House Presenters: Rep. Carmine Gentile (D) & Rep. David Vieira (R)
Senate Presenter: Senator James Eldridge (D)
Results from Last Session
In the 2017-2018 legislative session the We the People Act was reported favorably by two committees, and amended on the Senate floor, but it never received a vote in the House.
Despite strong opposition from the Senate leadership, fifteen senators stood firm in their support of Senator Eldridge’s original bill. All of them deserve a thank you for maintaining their strong support of the democratic process. Those fifteen senators were: James Eldridge, Mark Montigny, Michael Rush, John Keenan, Patrick O’Connor, Patricia Jehlen, Joan Lovely, Jason Lewis, Brendan Crighton, Julian Cyr, Paul Feeney, Adam Hinds, Barbara L’Italien, Walter Timilty, and Kathleen O’Connor Ives.

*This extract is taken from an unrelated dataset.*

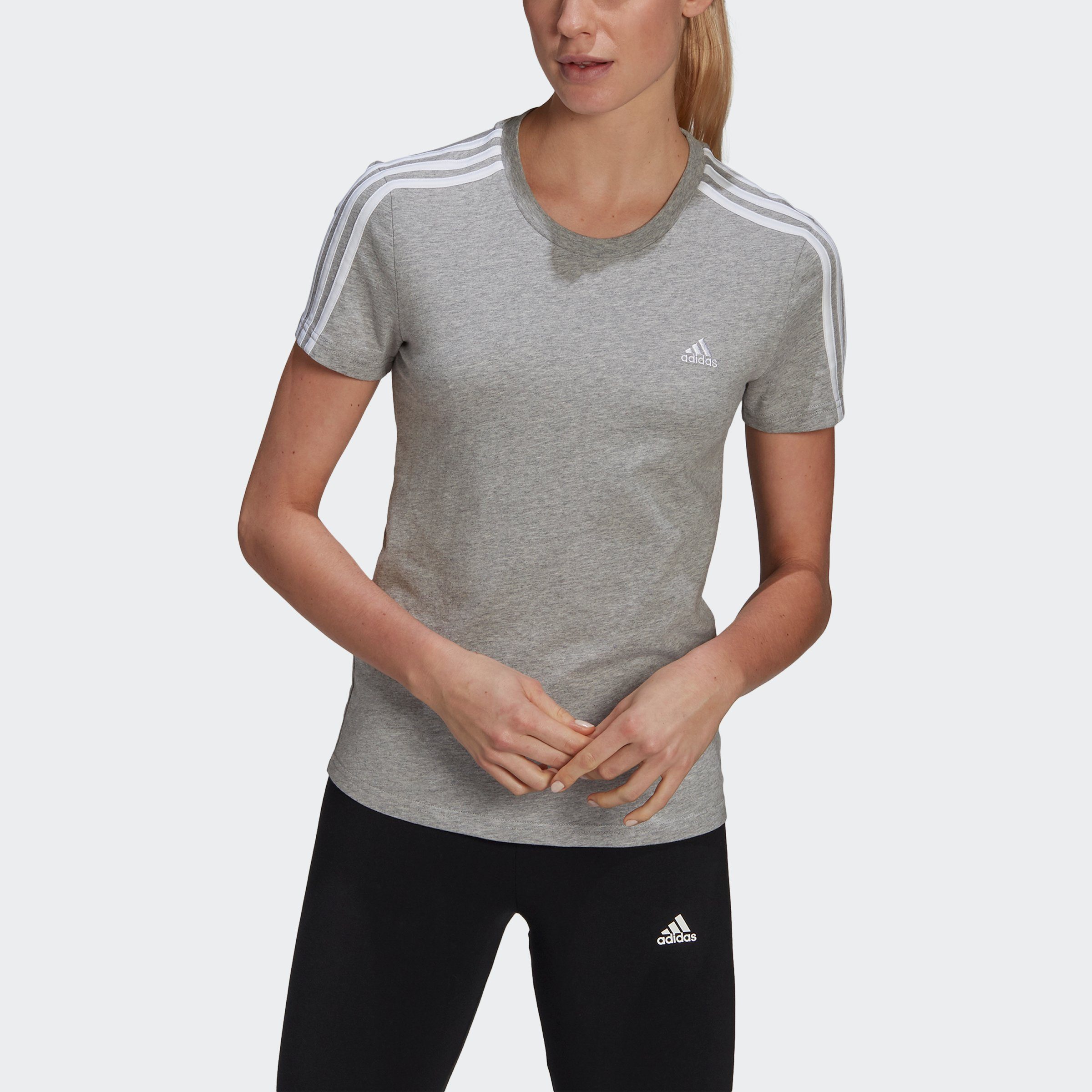 adidas Sportswear T-Shirt LOUNGEWEAR ESSENTIALS SLIM 3-STREIFEN Medium Grey Heather / White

One positive observation is that the Senate did pass the amended bill that included both necessary planks of the amendment to the Constitution: 1) removing Constitutional rights from artificial entities, such as corporations, and 2) affirming that money spent in elections is not 1st Amendment protected free speech, to allow effective campaign finance laws to be enacted.
The Massachusetts legislature has twice in the past approved resolutions calling on Congress to propose an amendment related to the Supreme Court "Citizens United v FEC" but neither resolution specified these two key planks that must be in the amendment.